### Material for this exercise
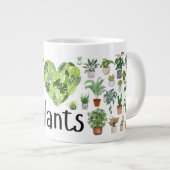 観葉植物を愛するハートの特大マグカップ ジャンボコーヒーマグカップ (正面右)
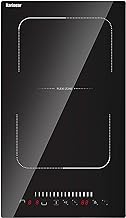 Karinear Induction Cooktop 2 Burners, 3500W 12'' Built-in Induction Stovetop with Flex Zone,Child Safety Lock, Timer, Pause, Slider Control Black Glass Electric Cooktop 220-240V Hard Wire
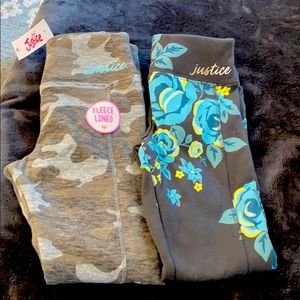 Justice kids fleece lined pants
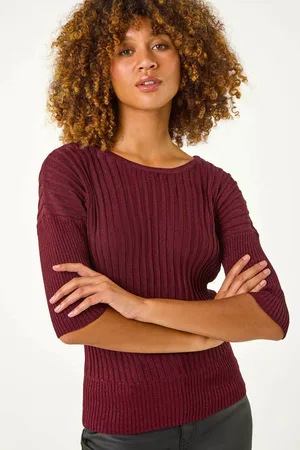 Roman Shimmer Ribbed Knitted Jumper46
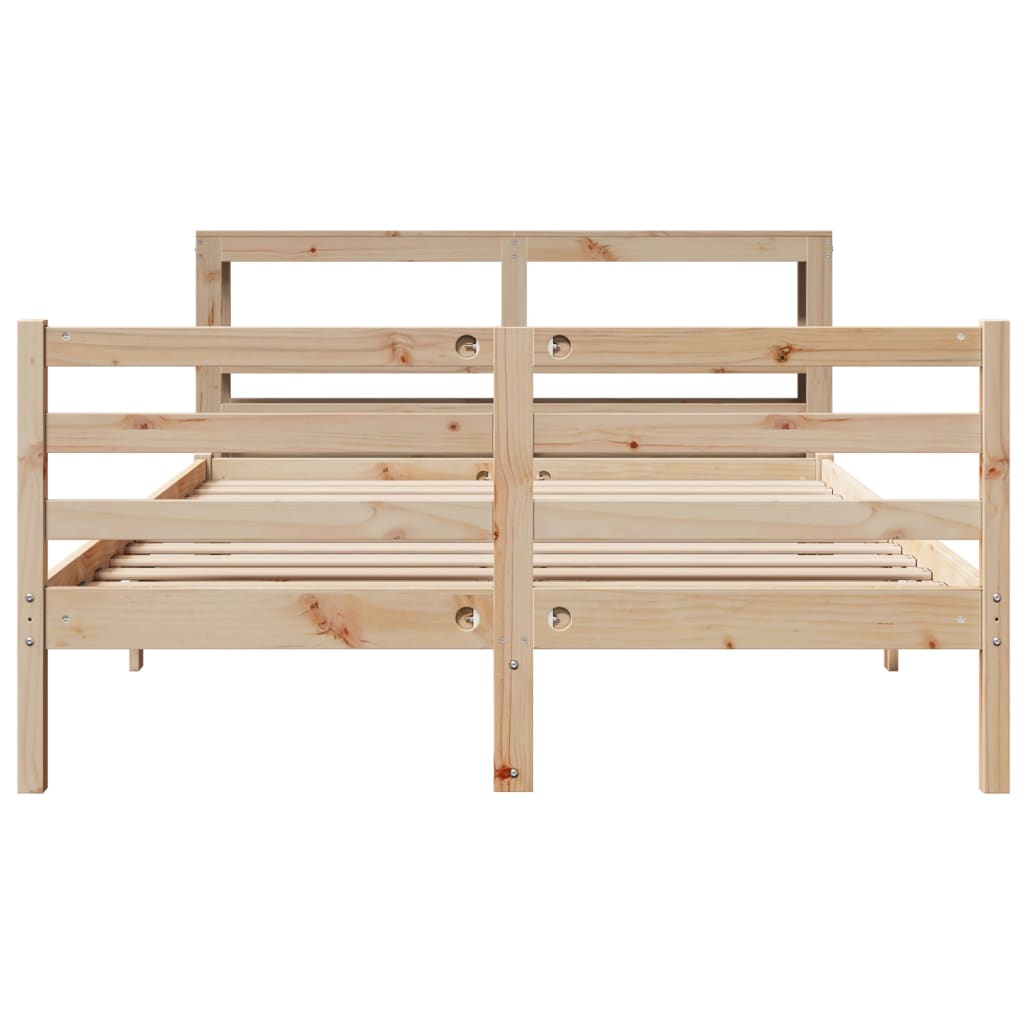 Bed Frame without Mattress 140x200 cm Solid Wood Pine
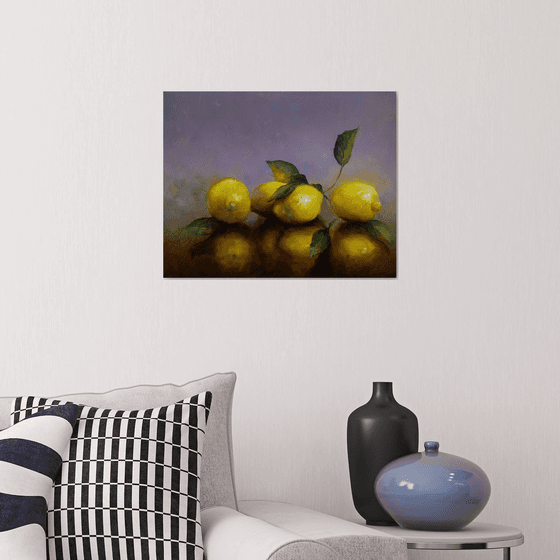 lemons and leaves Oil painting by Aleksandr Jerochin | Artfinder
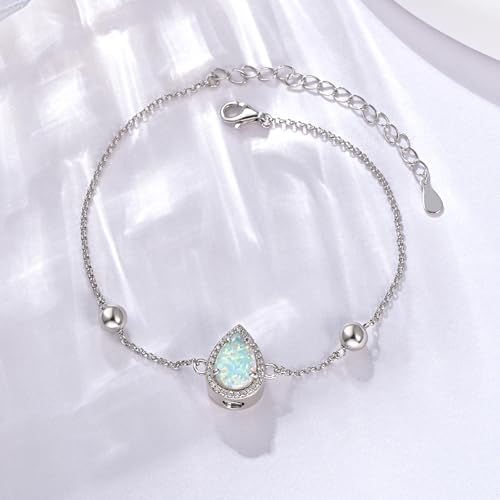 925 Sterling Silver Urn Bracelet for Ashes Women Cremation Jewelry | Memorial Keepsake Bracelet with Hidden Ashes Holder, Meaningful Remembrance Jewelry Gift for Loss of Loved One - style: Opal Teardrop Urn Bracelet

### What you will do
Reproduce word for word the lines from the line holding "Bed Frame without" through the last line of the material above, inclusive, and keep pictures out of it.

### Written response
 Bed Frame without Mattress 140x200 cm Solid Wood Pine
 lemons and leaves Oil painting by Aleksandr Jerochin | Artfinder
 925 Sterling Silver Urn Bracelet for Ashes Women Cremation Jewelry | Memorial Keepsake Bracelet with Hidden Ashes Holder, Meaningful Remembrance Jewelry Gift for Loss of Loved One - style: Opal Teardrop Urn Bracelet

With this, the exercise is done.